De manière intéressante, il semble que l’avenir du réseau classique de distribution et des acteurs historiques se joue particulièrement sur le mobile. En effet, le taux de pénétration du mobile à l’horizon 2025 est estimé à 65 %, dont 50 % de la population abonnée à des services mobiles, selon GSMA. Les smartphones deviennent incontournables pour agrandir la base clients d’un assureur, mais surtout pour enrichir son offre de service. En investissant le mobile, ils étoffent leur gamme de produits et renforcent leur part de marché et image de marque – indispensable sur ce type de services. À l’instar de la start-up Pula au Kenya qui vient d’annoncer une levée de fonds de près de 5 millions d’euros avec un service d’assurances agricoles. Pula se distingue en mettant à la disposition des petits agriculteurs des produits numériques destinés à les aider à gérer les risques climatiques, à améliorer leurs pratiques agricoles et in fine à augmenter leurs revenus au fil du temps – au-delà de l’assurance, Pula devient un partenaire de confiance. En Afrique centrale et de l’Ouest, c’est la start-up Baloon qui vient de lever près de 2 millions d’euros, pour développer son service d’assurance digitale.

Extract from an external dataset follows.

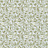 Обои Morris & Co Archive Wallpapers III 214717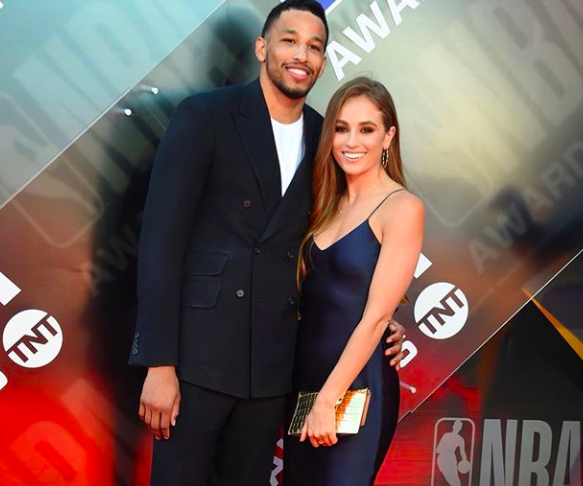 逆转的决定 逆转的决定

Ainsi, à plus long terme, il s’agira pour l’assurtech d’être en mesure de promettre une relation sécurisante avec ses prospects et ses clients. L’enjeu sera de dépasser le cadre simpliste risques vs primes pour accompagner les non-initiés à une meilleure compréhension des bienfaits de l’assurance et de leur domaine d’activité. Il faudra également envisager des stratégies ambitieuses de partenariats. L’alliance entre assurances, opérateurs mobiles et spécialistes du paiement digital se révèle être un pari prometteur pour le secteur. En effet, la collecte et le versement des primes de façon rapide et sécurisée seront un enjeu de cette prochaine décennie pour le secteur.